— Task to carry out —
Repeat the data in full and exactly. Leave the pictures out.

— The data —
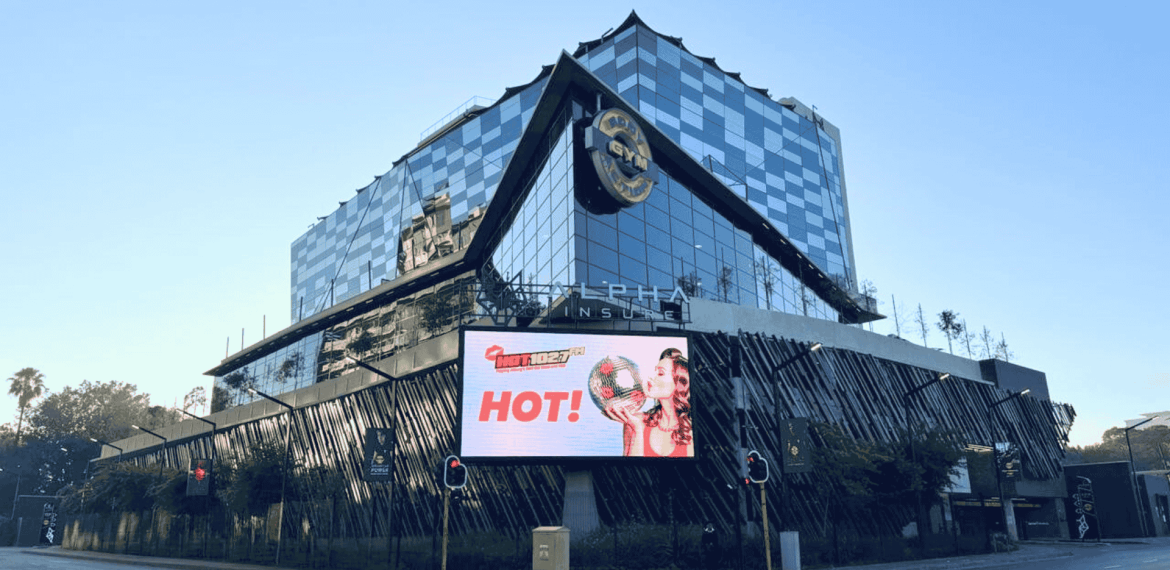 A modern, glass-fronted Hard Rock Hotel building with a large digital billboard displaying an ad featuring Sharon Corr holding a burger and the word HOT! at a city intersection.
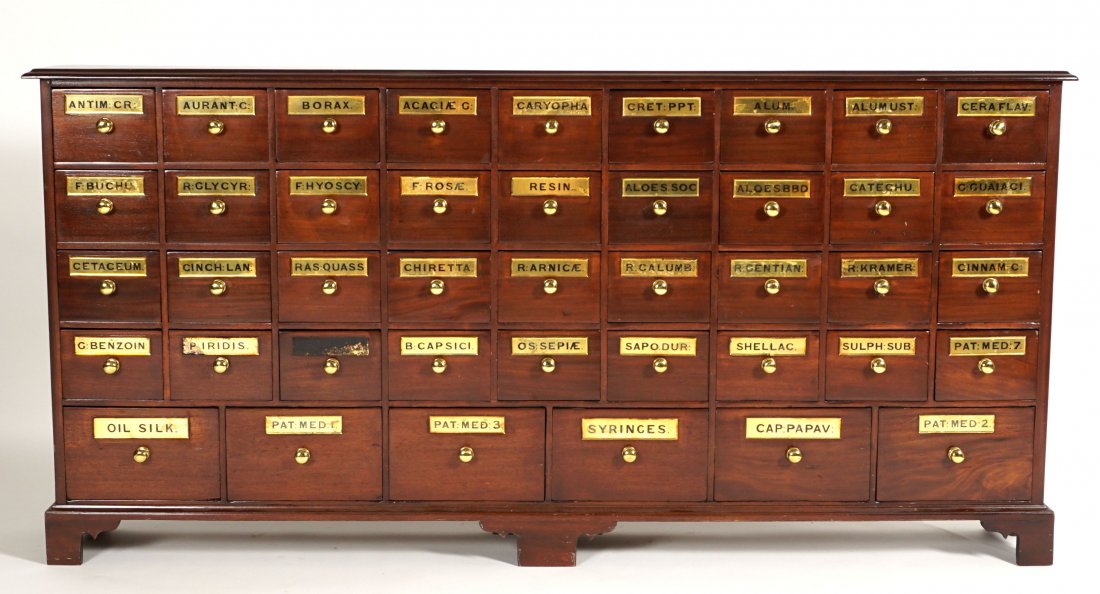 Large 19th Century Mahogany Apothecary Cabinet: Mahogany cabinet, 42 drawers with brass pull and handles, overall measures 32.75" h. x 74.5" x 11". Condition: Scratches to top, missing one brass plaque.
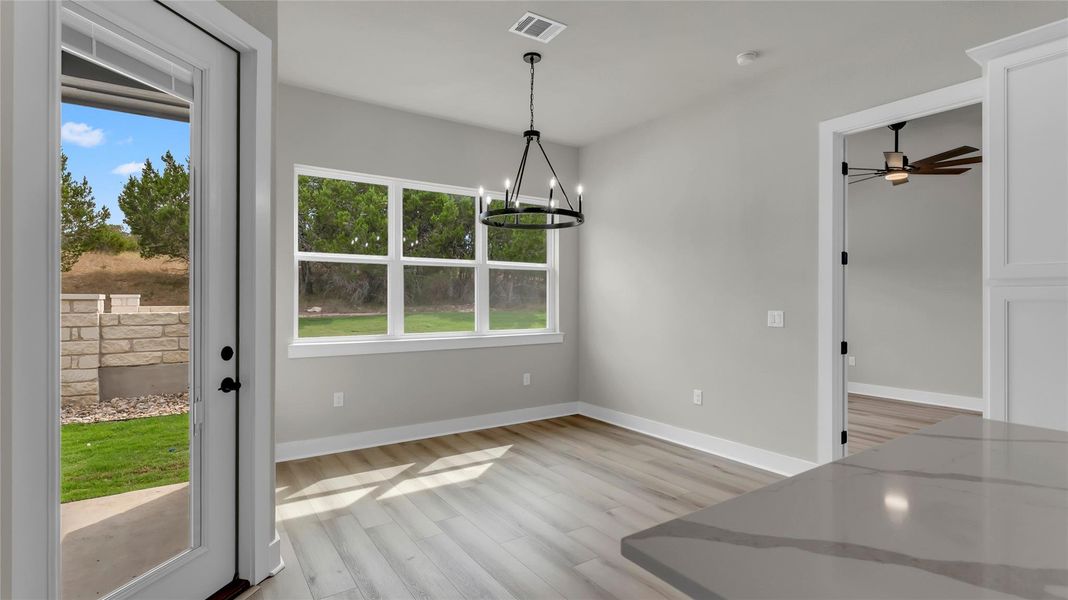 Unfurnished dining area featuring healthy amount of natural light, a ceiling fan, suspended lighting, and light wood finished floors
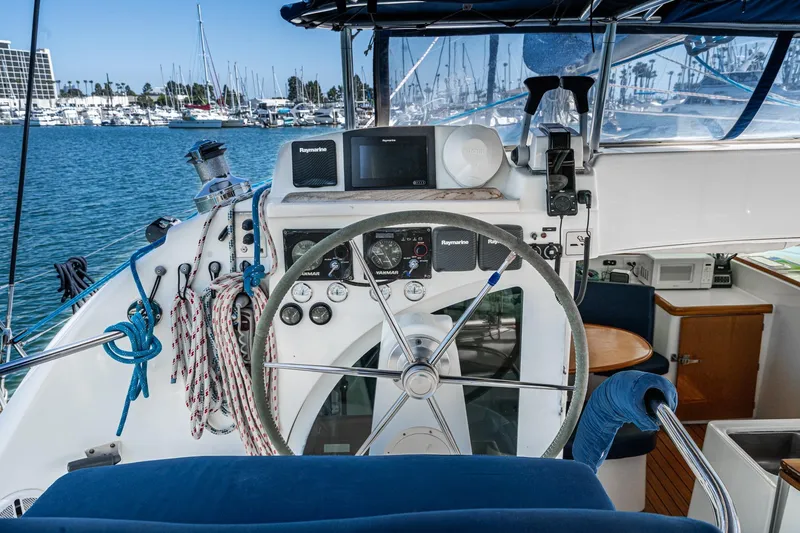 Slide: The Image of Helm of 2004 Lagoon 380 catamaran with navigation equipment and marina view. - 36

— Result below —
 A modern, glass-fronted Hard Rock Hotel building with a large digital billboard displaying an ad featuring Sharon Corr holding a burger and the word HOT! at a city intersection.
 Large 19th Century Mahogany Apothecary Cabinet: Mahogany cabinet, 42 drawers with brass pull and handles, overall measures 32.75" h. x 74.5" x 11". Condition: Scratches to top, missing one brass plaque.
 Unfurnished dining area featuring healthy amount of natural light, a ceiling fan, suspended lighting, and light wood finished floors
 Slide: The Image of Helm of 2004 Lagoon 380 catamaran with navigation equipment and marina view. - 36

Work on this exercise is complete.